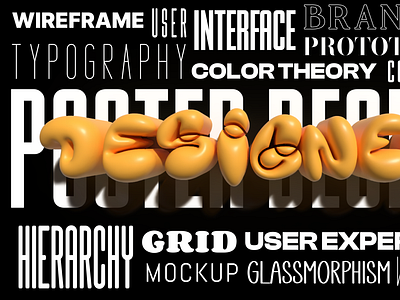 Poster Design - Using different typefaces. darkposter font graphic design graphic poster graphicelement graphicposter poster posterdesgin terminologies textddesign typeface typefacedesign typography ui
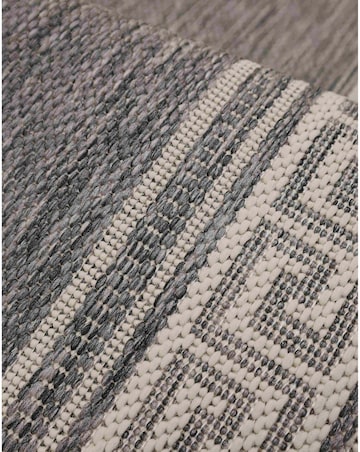 Gel Backed Greek Key Rug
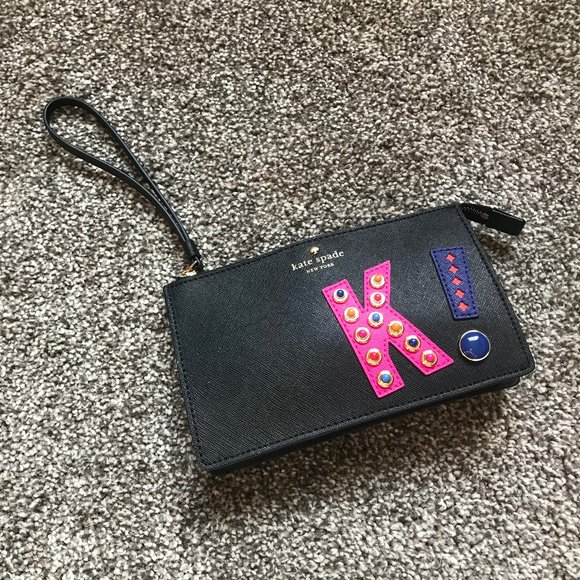 Kate Spade “K” Wristlet - Picture 1 of 3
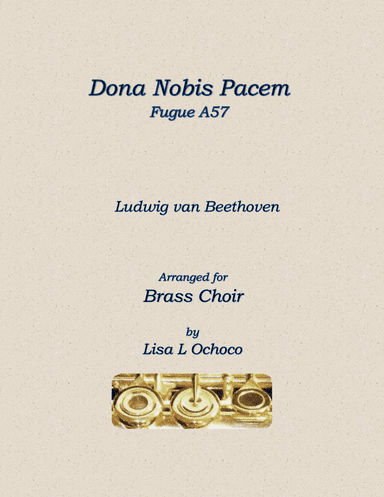 Dona Nobis Pacem A57 for Brass Choir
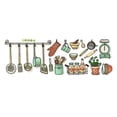thumbnail image 1 of Wall Sticker Mural Kitchen Restaurant Kitchenware Fridge Wall Sticker Wall Decorative Stickers Removable Peel And Stick Wallpaper Decals Wall Wallpaper for Living Room Teacher Wall Decals Home Wall, 1 of 4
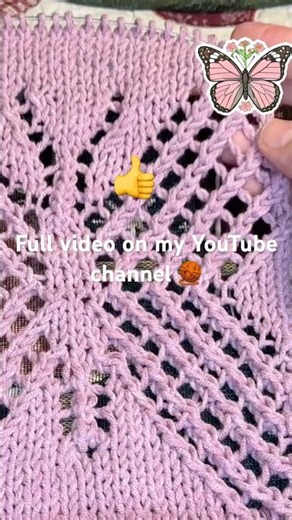 ASMR 🧶 Elegant, Lace pattern “Butterfly “ 🦋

• • •

== PROBLEM TO WORK ON ==
Nothing but an exact copy is asked for: the lines from the start of the records through the line with "Dona Nobis Pacem A57 for Brass Choir", both ends included, minus any pictures.

== SOLUTION TO THIS PROBLEM ==
 Poster Design - Using different typefaces. darkposter font graphic design graphic poster graphicelement graphicposter poster posterdesgin terminologies textddesign typeface typefacedesign typography ui
 Gel Backed Greek Key Rug
 Kate Spade “K” Wristlet - Picture 1 of 3
 Dona Nobis Pacem A57 for Brass Choir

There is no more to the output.